- [The problem]
For this exercise, copy exactly every line from the one holding "Prodej rodinného domu, Lašovice, 100 m2" through the end of the data, both included. Omit pictures.

- [Dataset content]

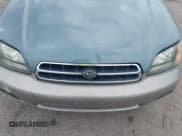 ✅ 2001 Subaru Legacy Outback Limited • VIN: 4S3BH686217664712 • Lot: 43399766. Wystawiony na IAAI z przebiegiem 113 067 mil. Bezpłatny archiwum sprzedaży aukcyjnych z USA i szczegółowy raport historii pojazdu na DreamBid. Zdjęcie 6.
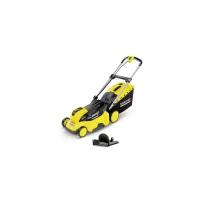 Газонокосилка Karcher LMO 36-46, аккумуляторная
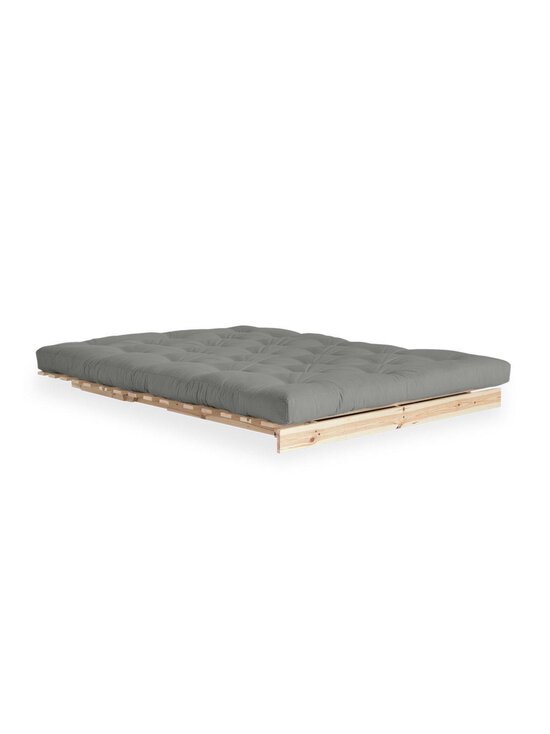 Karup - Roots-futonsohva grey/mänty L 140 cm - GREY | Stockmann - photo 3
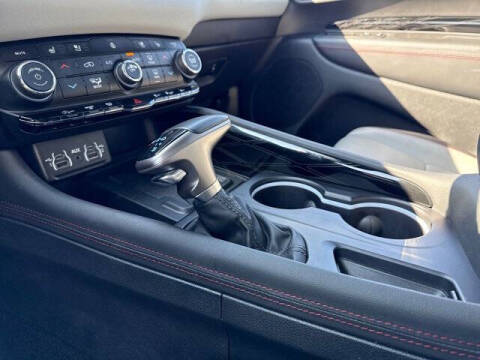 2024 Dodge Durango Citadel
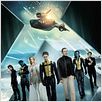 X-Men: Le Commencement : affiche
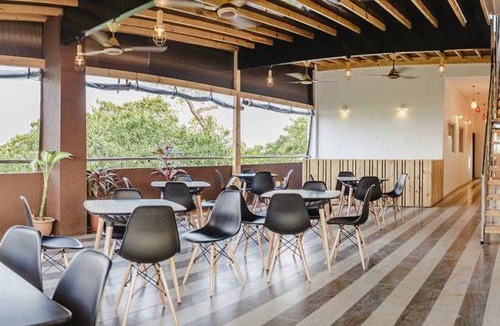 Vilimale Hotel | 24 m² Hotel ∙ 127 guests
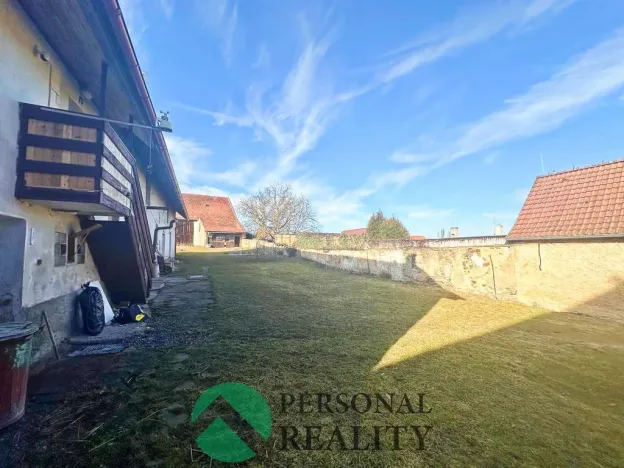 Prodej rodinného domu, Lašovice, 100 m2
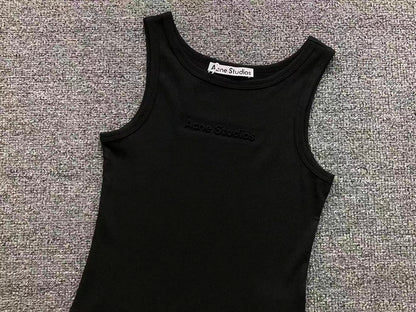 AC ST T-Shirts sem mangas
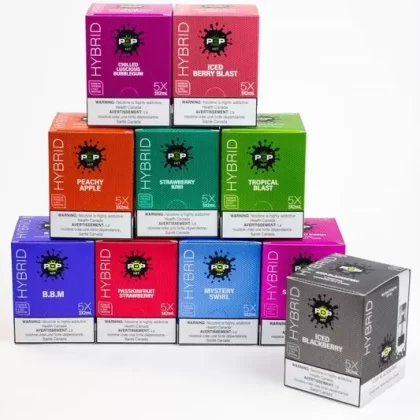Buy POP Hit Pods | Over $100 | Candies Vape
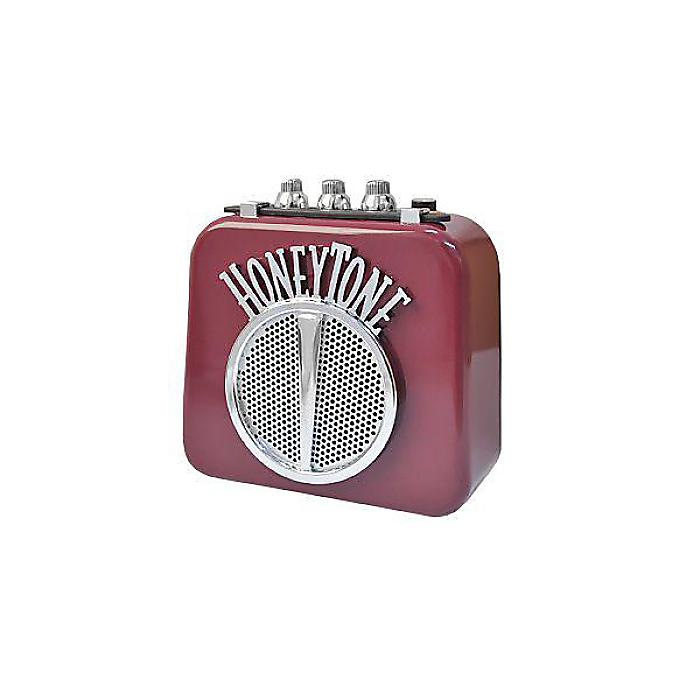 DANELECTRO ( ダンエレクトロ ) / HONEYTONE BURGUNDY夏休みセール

- [Reply to the task]
 Prodej rodinného domu, Lašovice, 100 m2
 AC ST T-Shirts sem mangas
Buy POP Hit Pods | Over $100 | Candies Vape
 DANELECTRO ( ダンエレクトロ ) / HONEYTONE BURGUNDY夏休みセール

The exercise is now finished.